Le Médiateur ne voit pas de raison valable nécessitant l'examen de la mesure recommandée dans le cadre du processus de réforme dans lequel la Commission est engagée. La Commission a simplement été invitée à abroger une disposition qu'elle a prise elle-même et qui opère une discrimination fondée sur le sexe. Tout retard pris dans l'abrogation de cette disposition perpétue inévitablement les torts qu'elle cause.

La recommandation du Médiateur

Le Médiateur estime que l'avis circonstancié de la Commission ne donne aucune raison valable de ne pas se conformer pleinement au projet de recommandation présenté par le Médiateur le 10 mai 2001. Le Médiateur réitère par conséquent son projet de recommandation sous forme de recommandation à l'intention de la Commission, comme suit:

Il incombe à la Commission européenne de procéder dans les meilleurs délais à la suppression de la disposition interdisant le travail à temps partiel aux experts nationaux détachés auprès de la Commission.

Le Parlement est invité à adopter cette recommandation sous la forme d'une résolution.

Strasbourg, le 15.11.2001

 

Jacob Söderman


[1] Décision 94/962/CECA, CE, Euratom du Parlement européen du 9 mars 1994, concernant le statut et les conditions général d'exercice des fonctions du médiateur, JO L 113 du 4.5.1994, p. 15.

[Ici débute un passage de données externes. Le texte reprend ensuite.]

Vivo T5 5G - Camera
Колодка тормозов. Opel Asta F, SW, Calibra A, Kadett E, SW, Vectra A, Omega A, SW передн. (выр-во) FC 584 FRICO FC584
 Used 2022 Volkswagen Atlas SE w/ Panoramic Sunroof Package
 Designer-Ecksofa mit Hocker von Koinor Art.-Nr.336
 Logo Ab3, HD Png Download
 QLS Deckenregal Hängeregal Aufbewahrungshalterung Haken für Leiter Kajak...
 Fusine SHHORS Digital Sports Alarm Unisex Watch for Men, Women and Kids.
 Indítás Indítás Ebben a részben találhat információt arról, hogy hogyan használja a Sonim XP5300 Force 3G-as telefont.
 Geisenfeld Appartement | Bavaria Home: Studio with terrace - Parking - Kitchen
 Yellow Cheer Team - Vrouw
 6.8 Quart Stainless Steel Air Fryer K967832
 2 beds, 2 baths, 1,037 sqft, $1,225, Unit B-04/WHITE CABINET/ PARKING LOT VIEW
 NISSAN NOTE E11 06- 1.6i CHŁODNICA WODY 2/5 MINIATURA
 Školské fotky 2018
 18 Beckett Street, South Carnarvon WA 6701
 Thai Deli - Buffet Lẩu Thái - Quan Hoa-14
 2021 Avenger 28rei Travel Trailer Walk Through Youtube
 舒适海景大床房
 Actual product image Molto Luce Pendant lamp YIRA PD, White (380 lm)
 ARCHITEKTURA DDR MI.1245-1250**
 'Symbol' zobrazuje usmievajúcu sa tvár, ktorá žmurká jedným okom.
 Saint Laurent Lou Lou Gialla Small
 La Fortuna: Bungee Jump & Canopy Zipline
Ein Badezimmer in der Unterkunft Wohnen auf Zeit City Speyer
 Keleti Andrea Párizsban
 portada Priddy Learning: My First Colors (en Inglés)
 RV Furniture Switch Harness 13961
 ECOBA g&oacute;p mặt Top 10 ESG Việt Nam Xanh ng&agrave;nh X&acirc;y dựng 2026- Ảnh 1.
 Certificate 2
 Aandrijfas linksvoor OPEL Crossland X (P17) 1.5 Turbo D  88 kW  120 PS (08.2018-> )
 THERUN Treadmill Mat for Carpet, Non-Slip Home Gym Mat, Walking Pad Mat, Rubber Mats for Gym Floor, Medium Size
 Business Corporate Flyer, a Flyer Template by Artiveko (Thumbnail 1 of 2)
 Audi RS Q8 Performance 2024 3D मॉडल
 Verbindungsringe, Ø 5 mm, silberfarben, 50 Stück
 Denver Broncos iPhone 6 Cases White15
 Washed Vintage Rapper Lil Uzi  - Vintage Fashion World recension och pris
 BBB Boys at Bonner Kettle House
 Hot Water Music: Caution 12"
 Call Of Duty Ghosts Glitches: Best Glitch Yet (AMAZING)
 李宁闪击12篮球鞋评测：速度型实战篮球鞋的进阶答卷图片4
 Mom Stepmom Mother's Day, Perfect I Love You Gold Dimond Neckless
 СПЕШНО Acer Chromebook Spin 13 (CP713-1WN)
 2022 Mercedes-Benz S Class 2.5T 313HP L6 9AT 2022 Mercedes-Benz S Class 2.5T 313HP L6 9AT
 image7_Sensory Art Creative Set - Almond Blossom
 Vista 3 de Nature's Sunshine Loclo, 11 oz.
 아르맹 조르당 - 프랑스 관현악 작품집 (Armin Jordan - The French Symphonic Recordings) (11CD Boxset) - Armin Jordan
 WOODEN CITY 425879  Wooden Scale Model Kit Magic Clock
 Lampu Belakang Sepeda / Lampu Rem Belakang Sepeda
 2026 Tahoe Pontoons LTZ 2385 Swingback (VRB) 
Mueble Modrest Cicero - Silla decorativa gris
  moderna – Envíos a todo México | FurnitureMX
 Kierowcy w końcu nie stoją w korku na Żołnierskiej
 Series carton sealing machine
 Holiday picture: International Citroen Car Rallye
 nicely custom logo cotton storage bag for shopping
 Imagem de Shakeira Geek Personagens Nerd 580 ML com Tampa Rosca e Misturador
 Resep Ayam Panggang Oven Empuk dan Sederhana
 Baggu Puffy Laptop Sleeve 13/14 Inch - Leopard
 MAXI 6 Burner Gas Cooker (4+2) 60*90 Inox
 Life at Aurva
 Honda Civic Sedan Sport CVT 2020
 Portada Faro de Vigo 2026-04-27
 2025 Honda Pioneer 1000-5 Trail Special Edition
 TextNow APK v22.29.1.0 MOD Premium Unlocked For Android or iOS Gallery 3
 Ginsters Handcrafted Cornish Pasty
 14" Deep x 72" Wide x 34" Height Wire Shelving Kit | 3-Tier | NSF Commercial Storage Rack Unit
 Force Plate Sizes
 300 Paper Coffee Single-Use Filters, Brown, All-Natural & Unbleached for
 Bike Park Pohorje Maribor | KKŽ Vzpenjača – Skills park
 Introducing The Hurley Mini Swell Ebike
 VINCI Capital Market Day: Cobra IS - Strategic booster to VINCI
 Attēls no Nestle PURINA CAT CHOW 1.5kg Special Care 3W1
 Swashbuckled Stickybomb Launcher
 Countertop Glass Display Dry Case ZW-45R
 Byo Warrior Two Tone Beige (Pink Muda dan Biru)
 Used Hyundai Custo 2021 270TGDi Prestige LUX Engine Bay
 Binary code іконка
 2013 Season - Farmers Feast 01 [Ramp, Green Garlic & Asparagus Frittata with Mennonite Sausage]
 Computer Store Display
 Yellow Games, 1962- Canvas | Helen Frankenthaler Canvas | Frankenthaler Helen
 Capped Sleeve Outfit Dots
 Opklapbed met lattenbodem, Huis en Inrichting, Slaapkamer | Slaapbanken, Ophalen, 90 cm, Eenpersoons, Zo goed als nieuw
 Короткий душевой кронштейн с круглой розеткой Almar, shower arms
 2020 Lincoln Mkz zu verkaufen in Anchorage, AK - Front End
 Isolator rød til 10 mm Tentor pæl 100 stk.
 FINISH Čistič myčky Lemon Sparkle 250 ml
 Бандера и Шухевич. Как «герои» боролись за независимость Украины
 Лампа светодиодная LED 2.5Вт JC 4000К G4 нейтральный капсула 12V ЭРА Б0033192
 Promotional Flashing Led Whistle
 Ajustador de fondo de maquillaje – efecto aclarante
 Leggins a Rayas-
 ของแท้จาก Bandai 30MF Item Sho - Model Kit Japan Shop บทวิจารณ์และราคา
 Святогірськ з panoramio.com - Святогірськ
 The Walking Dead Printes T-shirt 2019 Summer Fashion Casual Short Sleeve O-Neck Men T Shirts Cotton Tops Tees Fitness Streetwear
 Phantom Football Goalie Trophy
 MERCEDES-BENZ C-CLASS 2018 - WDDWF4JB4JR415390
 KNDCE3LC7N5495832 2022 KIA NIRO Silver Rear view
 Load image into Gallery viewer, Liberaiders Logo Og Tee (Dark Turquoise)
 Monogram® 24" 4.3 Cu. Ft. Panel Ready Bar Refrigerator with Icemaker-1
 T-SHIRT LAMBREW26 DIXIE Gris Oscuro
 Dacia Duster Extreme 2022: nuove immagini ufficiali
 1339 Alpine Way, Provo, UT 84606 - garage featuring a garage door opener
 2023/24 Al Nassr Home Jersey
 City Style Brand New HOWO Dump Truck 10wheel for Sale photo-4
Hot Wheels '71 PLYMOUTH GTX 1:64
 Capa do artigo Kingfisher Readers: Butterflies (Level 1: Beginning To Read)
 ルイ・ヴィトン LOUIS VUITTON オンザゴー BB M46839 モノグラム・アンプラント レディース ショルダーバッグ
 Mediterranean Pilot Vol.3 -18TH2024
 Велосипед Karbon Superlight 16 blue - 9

[2] Décision de la Commission du 7 janvier 1998 (C(97)3402), modifiée par la décision de la Commission du 3 février 1999 (C(99)220).

[3] Décision de la Commission du 7 janvier 1998 C(97)3402, modifiée par la décision de la Commission du 3 février 1999 C(99)220.

[4] Arrêt du 6 avril 2000 dans l'affaire C-226/98, Jørgensen/Foreningen af Specialaeger et Sygesikringens Forhandlingsudvalg ,Recueil 2000, I-2447, paragraphe 29

[5] Le texte est reproduit dans le JO C 364 du 18.12.2000, p. 1

[6] Arrêt du 6 avril 2000 dans l'affaire C-226/98, Jørgensen/Foreningen af Specialaeger et Sygesikringens Forhandlingsudvalg ,Recueil 2000, I-2447, paragraphe 39.